Jesus takes this man away from the crowd and gives him His undivided attention. He heals him. What does he see? People like trees walking around. Is there any symbolism of walking trees? No. The blind man simply answers Jesus’ question as honestly as possible. Possibly, he saw his friends in the distance. Jesus then restored his sight fully.

The same, unchanging God is asking us to do the same; in the chaos of our busy lives, He is asking us, ‘What do you see when you come to Penuel Church?’ Be honest when you come to answer this question. I’ll tell you what I see. I don’t see trees here at Penuel. I see real people who love Jesus. United, rational, sensible people. People once blind to God but who now see clearly. When I come here, I meet with sincerity and honesty. You are all tangible proof of godly worship.

If you are struggling with your faith, your vision is blurred, look around. You might be small, but you are alive.

“I believe in Christianity as I believe that the sun has risen: not only because I see it, but because by it I see everything else.” CS Lewis quote.

Friends, you are so blessed to be in this church. Look to Jesus. Be honest with Him. Be clear and real with Jesus and He will guide you.

July 15th 2018: Gerald Tait

Gerald Tait July 18‘I believe in miracles.’

The first miracle Jesus performed was at the wedding in Cana, turning water into wine (John 2:1-11). This took place about the third day of Jesus’ ministry. He had walked from Jordan to Galilee. Joseph, his earthly father, had passed away (there is no mention of him after Jesus was 12 years old). Mary might have taken on his official role.

Jesus, his mother and disciples were attending a friendly family wedding in the little village of Cana. We don’t know whose it was. Mary had some authority, but realised Jesus was special. When the wine ran out she told Jesus. He replied, “Woman.” This gives her the highest possible dignity, showing her maturity.

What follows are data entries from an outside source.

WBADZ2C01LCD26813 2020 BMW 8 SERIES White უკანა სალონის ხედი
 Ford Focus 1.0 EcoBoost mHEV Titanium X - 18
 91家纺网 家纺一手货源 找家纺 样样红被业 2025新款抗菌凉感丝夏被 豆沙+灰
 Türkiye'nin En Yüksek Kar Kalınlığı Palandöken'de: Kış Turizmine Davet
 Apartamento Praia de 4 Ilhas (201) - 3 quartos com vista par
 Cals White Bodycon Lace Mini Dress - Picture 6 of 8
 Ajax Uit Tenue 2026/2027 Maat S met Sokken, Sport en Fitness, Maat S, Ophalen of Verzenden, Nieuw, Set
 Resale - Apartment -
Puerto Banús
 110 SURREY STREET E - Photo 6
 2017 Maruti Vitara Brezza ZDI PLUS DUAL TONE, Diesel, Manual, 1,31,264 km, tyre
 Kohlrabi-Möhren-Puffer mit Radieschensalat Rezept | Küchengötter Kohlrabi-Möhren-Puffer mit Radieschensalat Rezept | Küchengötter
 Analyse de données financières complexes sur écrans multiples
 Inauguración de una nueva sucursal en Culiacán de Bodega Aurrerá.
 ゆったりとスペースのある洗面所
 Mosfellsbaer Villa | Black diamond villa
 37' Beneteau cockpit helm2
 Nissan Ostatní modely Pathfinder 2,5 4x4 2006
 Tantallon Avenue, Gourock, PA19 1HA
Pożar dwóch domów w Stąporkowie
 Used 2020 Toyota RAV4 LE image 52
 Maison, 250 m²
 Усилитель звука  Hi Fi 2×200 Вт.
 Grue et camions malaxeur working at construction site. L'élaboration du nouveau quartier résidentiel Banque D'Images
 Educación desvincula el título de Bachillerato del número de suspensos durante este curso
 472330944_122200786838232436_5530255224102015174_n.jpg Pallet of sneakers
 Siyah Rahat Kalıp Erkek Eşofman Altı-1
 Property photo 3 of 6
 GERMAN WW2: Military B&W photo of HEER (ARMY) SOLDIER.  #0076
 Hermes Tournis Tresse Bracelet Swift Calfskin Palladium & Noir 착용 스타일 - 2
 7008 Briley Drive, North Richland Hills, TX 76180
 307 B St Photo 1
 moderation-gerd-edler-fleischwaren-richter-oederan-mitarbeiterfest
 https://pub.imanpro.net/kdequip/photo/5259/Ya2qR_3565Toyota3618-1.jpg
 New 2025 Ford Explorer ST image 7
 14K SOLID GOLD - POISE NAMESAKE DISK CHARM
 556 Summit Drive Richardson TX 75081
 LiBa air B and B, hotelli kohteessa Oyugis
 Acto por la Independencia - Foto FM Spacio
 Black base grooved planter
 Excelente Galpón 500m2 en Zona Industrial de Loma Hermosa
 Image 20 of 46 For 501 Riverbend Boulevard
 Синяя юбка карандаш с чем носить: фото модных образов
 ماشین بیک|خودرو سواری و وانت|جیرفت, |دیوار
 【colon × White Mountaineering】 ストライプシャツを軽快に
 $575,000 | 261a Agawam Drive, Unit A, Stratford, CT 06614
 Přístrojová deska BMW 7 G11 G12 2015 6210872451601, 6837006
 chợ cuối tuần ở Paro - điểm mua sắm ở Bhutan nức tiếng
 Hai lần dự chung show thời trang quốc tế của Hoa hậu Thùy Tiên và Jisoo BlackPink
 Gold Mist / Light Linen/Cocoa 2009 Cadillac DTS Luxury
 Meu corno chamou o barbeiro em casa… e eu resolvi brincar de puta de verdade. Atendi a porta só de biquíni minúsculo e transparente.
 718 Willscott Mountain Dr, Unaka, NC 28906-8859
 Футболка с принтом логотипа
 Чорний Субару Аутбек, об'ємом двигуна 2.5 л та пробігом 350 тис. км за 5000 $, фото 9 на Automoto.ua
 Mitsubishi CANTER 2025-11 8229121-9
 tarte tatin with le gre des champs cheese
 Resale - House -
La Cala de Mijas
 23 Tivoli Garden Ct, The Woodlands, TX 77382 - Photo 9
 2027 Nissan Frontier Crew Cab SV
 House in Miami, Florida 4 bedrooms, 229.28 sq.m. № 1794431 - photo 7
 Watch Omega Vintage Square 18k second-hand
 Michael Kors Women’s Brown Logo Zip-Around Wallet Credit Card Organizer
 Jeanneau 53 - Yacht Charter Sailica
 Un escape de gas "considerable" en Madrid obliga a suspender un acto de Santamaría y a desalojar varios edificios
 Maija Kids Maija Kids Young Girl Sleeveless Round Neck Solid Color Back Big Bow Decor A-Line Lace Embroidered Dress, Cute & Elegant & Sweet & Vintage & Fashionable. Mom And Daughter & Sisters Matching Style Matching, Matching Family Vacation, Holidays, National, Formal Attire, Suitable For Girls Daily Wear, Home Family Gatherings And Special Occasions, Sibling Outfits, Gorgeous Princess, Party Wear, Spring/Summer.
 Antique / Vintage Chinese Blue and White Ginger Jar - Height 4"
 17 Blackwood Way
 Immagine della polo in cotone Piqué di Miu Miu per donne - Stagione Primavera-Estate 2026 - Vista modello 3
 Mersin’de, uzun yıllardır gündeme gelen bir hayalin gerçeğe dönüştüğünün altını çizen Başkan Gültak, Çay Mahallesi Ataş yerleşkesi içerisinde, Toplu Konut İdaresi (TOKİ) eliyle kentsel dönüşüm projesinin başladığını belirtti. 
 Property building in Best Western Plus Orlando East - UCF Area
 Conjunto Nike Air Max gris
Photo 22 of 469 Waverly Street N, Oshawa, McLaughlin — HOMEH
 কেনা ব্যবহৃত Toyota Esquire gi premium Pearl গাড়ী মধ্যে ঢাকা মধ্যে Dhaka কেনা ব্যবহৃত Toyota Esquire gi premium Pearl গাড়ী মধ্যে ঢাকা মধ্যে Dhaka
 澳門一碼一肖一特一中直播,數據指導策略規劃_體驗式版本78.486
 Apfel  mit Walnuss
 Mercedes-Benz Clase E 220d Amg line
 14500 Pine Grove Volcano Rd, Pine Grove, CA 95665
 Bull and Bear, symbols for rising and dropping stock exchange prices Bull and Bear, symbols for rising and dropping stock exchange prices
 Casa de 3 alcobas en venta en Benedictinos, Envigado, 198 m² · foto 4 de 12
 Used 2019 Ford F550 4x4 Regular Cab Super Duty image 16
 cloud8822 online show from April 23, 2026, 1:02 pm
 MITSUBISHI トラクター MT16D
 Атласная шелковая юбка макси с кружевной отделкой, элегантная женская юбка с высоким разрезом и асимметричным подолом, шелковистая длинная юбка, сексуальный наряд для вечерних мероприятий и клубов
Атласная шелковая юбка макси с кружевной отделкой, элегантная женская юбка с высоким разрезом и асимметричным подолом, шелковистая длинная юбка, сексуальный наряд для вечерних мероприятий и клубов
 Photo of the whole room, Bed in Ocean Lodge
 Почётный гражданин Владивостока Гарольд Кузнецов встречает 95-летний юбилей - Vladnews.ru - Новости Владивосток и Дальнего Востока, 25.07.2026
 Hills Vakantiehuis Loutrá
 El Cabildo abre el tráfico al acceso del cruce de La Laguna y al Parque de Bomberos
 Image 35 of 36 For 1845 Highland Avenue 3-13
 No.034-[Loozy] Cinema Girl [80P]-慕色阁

We see the honesty and obedience of the servants as they obeyed Jesus’ instructions, filling the six stone jars with water and drawing some out for the master of the feast. When did the miracle happen of turning water into wine? When Jesus spoke? As the servants drew out the water? There’s an economy with God’s power; when the Israelites were given manna in the dessert they collected it daily, just enough was provided for each day.

When miracles happen, three things always happen:

  • There is an elevation of suffering. Here, we see the elevation of disgrace of not being able to provide common curtesy of providing for the guests at the wedding.
  • There is a prophetic emblem. Here, the wine is the emblem of our communion.
  • There is prophecy. Who better to produce the miracle than Jesus, who grew as a tender plant, a vine?

In this miracle we see the end of Jesus’ servitude to his mother. Until then, the divine God had been subservient to His mother. Now, being baptised by John and honoured by His God, His ministry has started.

Of course, we have the miracle of Calvary. In Ephesians 1 we read of the power that God exerted in bringing Jesus to life, God breaking into a sweat to raise His Son from the dead. An even greater miracle is of you and I. We are a new creation. The old has gone, the new has come. You and I can look back over 2,000 years of this happening. Millions have been converted. It’s an ongoing miracle. One day you and I will drink the communion wine with Jesus in heaven, standing in a brand new robe of righteousness.